July 27, 2019 9:51:10 am
The Delhi High Court Friday refused to give direction to the Centre to declare ‘Vande Mataram’ the National Anthem, at par with ‘Jana Gana Mana’, or the National Song and to make a national policy to promote and propagate them.
“We see no reason to give direction to the respondent (Centre) to declare ‘Vande Mataram’ as national anthem or national song,” a bench of Chief Justice D N Patel and Justice C Hari Shankar said.
It said that, “we no reason to entertain this petition, while exercising its powers under Article 226 of the Constitution”, filed advocate Ashwini Kumar Upadhyay.
The advocate had sought a direction to make singing of ‘Vande Mataram’ compulsory in all schools on every working day.
Declining the relief, the high court bench pointed during the brief hearing that that ‘Vande Mataram’ was already the national song and the petitioner must be aware of it.
Upadhyay, who was putting his case before the bench in-person, replied this is the “gap/vacuum. It is not the national song and my prayer is that either it be treated as the national anthem or the national song by way of notification”.

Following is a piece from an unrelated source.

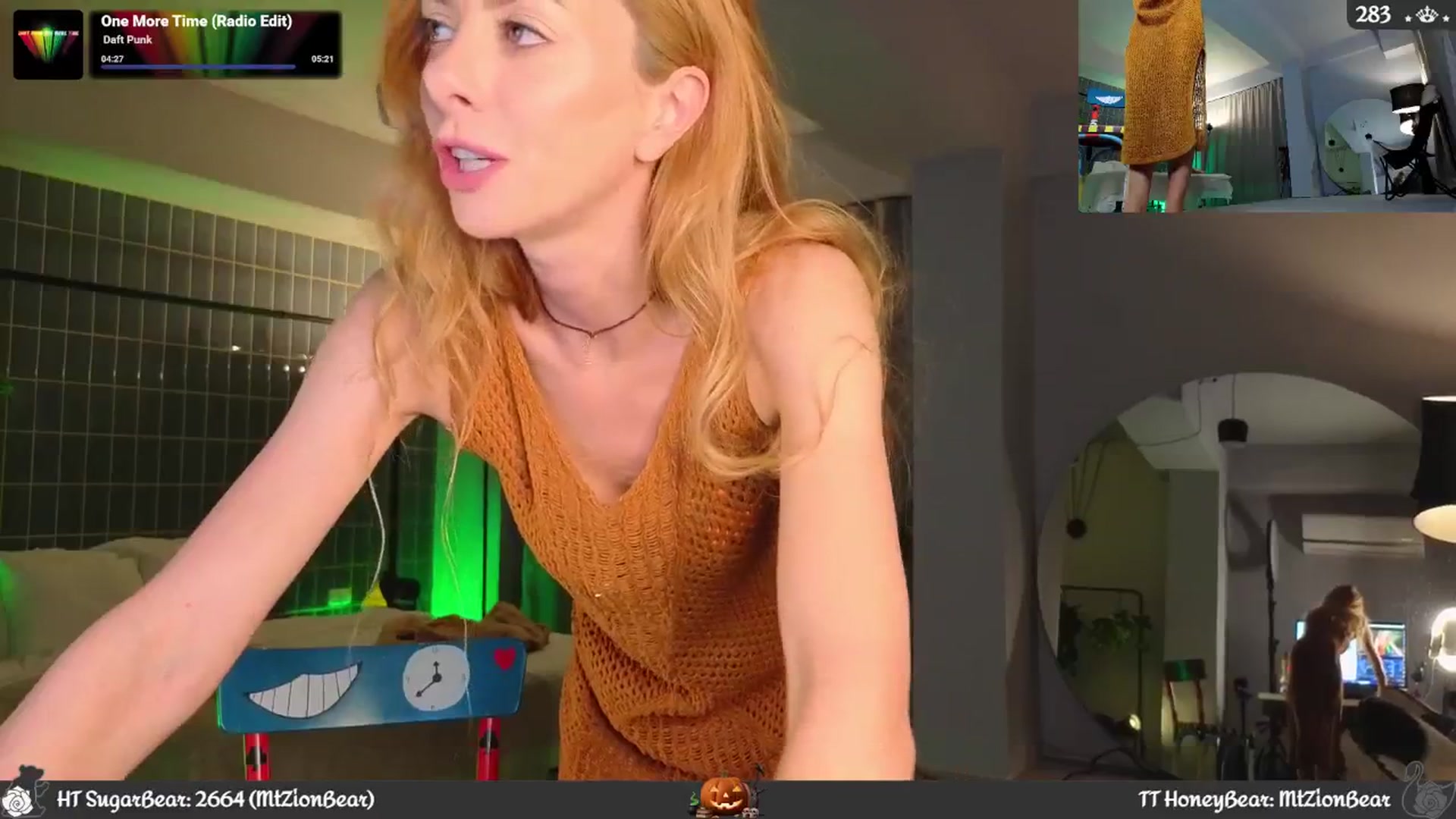 Gallery image thumbnail from JoBearr's myfreecams stream on, 10/04/2025, 22:32 image 2 of 20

The public interest litigation (PIL) wanted that ‘Vande Mataram’, written by Bankim Chandra Chatterjee, be given the same respect as the National Anthem, ‘Jana Gana Mana’ penned by Nobel laureate Rabindranath Tagore.
It said that the National Song played a vital role in Independence movement and was first sung in a political context by Rabindranath Tagore at the 1896 session of the Indian National Congress.
“Both the ‘Jana Gana Mana’ and ‘Vande Mataram’ have to be equally respected. The sentiments expressed in ‘Jana Gana Mana’ have been expressed keeping the State in view. However, the sentiments expressed in ‘Vande Mataram’ denote the nation’s character and style and deserves similar respect,” the PIL sought.
In October 2017 also, a PIL was filed in the Delhi High Court seeking a direction to treat the national song at par with the national anthem. However, the same PIL was dismissed after the Centre had opposed the plea saying ‘Vande Mataram’ occupies a “unique and special place” in the psyche of Indians but it cannot be treated at par with ‘Jana Gana Mana’.
In 2017, a Single Judge Bench of the Madras High Court had made it compulsory to sing Vande Mataram in educational institutions, government offices and private establishments. The single judge’s order was later set aside by a Division Bench, which left it to the discretion of the government to impose such a policy.